Pete Wehner is offended that his view that his relationship should be worth more than mine under the law because he’s heterosexual can be described as "discriminatory." How can it not be discriminatory? You may want to describe your view as merely wanting "to preserve the traditional meaning of marriage," but when that preservation is entirely limited to keeping gays out, and you want the law to enforce such a distinction, then it is simply a fact that discrimination is your policy. You think it’s good discrimination, but it’s still discrimination unrelated to any civil marital responsibility a gay couple is prepared to fulfill.

This remains true however such a policy is maintained or arrived at – by courts or legislatures or, as is usually the case in the US, some combination thereof. What neither Wehner nor Obama have fully grappled with is that there are really only two coherent positions: civil equality or civil discrimination. Obama wants to end discrimination but not embrace equality; Wehner wants discrimination but not the moral taint of being a bigot. These straddling positions are not unusual in the midst of social change. But we have reached a point at which the useful fictions on which they rest are crumbling.

Obama = Re-Branded Bush? II

A conservative reader writes:

Note Obama’s recent embrace of Israel’s attack on Syria’s nuclear facility (an instance of pure Bush preemption doctrine); and his strong insinuation that he might do the same to Iran. Note his support for the FISA reform bill that will pass the Senate on July 8: Although he criticizes immunity, he supports the warrantless surveillance mechanism that is the essence both of the new bill and of the president’s old supersecret Terrorist Surveillance Program, which this bill would prospectively and perhaps permanently legitimize. (Incidentally, if the TSP was unconstitutional as Obama once argued, the procedure cannot be saved by legislation: Feingold is right about that). 
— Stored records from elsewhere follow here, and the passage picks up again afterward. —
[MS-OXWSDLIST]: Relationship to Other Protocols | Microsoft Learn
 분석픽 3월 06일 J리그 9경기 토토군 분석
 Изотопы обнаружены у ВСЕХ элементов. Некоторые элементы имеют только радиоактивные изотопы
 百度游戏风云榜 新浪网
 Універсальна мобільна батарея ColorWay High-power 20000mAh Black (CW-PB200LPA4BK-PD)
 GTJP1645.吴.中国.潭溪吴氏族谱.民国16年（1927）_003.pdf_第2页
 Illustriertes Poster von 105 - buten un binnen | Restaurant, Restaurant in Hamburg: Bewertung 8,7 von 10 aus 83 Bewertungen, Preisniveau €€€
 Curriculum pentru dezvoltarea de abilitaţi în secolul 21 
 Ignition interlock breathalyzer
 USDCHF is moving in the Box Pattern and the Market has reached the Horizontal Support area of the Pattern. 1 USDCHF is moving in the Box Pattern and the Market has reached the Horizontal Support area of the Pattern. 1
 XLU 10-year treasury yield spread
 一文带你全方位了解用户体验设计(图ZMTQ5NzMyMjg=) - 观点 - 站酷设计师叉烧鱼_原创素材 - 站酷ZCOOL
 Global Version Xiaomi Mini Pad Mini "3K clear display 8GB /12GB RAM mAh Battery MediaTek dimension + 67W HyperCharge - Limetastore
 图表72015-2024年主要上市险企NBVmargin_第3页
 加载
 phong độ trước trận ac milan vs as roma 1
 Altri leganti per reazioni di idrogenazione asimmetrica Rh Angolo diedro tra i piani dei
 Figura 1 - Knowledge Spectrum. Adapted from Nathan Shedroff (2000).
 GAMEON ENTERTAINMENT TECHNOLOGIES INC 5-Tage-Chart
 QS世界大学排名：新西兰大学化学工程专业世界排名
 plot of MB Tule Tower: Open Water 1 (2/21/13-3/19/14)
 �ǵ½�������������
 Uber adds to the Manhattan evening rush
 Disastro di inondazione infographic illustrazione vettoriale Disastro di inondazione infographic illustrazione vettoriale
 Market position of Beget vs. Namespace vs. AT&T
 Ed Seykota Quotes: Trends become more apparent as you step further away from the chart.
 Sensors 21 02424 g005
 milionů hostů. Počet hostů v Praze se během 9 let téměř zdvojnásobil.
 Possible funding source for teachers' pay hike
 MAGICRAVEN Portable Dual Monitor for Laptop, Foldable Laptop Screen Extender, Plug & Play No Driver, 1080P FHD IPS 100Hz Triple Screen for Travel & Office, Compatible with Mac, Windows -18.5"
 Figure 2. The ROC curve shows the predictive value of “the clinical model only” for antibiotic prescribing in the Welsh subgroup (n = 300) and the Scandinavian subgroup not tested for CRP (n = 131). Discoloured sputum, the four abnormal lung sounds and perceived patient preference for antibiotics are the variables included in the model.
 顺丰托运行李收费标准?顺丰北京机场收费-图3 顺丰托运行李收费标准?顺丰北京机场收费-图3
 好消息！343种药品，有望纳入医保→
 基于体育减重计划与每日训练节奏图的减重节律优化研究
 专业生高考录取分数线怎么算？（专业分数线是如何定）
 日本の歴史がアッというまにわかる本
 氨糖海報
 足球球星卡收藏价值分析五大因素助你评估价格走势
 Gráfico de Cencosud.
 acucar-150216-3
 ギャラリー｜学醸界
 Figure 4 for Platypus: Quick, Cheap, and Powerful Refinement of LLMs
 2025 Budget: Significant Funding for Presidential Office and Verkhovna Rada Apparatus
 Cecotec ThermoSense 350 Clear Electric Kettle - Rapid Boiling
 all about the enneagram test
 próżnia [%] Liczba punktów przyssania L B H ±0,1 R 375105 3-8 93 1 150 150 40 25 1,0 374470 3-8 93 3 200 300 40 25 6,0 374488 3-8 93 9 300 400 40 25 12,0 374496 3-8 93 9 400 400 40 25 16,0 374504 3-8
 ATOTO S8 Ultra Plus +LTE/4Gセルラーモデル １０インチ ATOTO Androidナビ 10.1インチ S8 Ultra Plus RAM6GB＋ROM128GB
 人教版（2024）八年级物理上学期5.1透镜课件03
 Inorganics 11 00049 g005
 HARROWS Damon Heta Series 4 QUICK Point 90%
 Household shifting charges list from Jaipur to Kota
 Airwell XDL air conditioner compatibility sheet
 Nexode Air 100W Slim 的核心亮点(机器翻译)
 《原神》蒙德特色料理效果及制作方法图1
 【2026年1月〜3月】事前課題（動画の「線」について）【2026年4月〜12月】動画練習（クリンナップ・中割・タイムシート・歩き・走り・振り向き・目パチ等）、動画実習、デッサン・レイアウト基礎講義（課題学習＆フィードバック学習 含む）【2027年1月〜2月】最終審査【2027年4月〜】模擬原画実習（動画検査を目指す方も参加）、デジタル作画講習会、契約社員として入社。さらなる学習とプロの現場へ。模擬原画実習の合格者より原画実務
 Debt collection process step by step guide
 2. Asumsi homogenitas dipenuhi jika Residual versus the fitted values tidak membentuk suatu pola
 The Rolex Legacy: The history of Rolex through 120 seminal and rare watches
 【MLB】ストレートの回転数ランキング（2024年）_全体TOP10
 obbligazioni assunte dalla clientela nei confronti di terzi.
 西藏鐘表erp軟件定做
Note also Obama’s promise to Iraq’s foreign minister not to do anything that would jeopardize current gains or Iraqi security;

taken together with his commitment to withdrawing as fast as such circumstances permit, there is now no practical difference between Obama’s prospective Iraq policy and the Petraeus plan embraced by the President. In essence, there is now little practical difference between the candidates on national security issues — but that still leaves a lot of room to create the appearance of difference in the arena of rhetoric and political fantasy.

Another way of looking at it, of course, is that Obama is simply responding to events on the ground, has never been a pacifist or non-interventionist, and has to operate within the empirical boundaries of the legacy he’s responding to. In office, the kind of pragmatism Obama represents will chart a gradual, not radical, course away from the current impasse. That’s why I’m increasingly interested in how Obama describes the ultimate goals of his Iraq strategy. There is a real difference between an attempt to retain control over an Arab Muslim state in the Middle East, and finding a way to leave it without fomenting a hotter stage in its civil war.

Copying The Communists

Go to Memeorandum and check out the blogs commenting on the NYT exclusive on the undisputed fact that the Bush administration knowingly used Communist torture techniques against prisoners in wartime. You will find no right-of-center blogs commenting. It’s an astonishing story – especially for any anti-Communist conservative who fought the good fight during the Cold War. But they won’t mention it. I guess when a Republican administration copies communists, conservative writers need to copy Stalinists.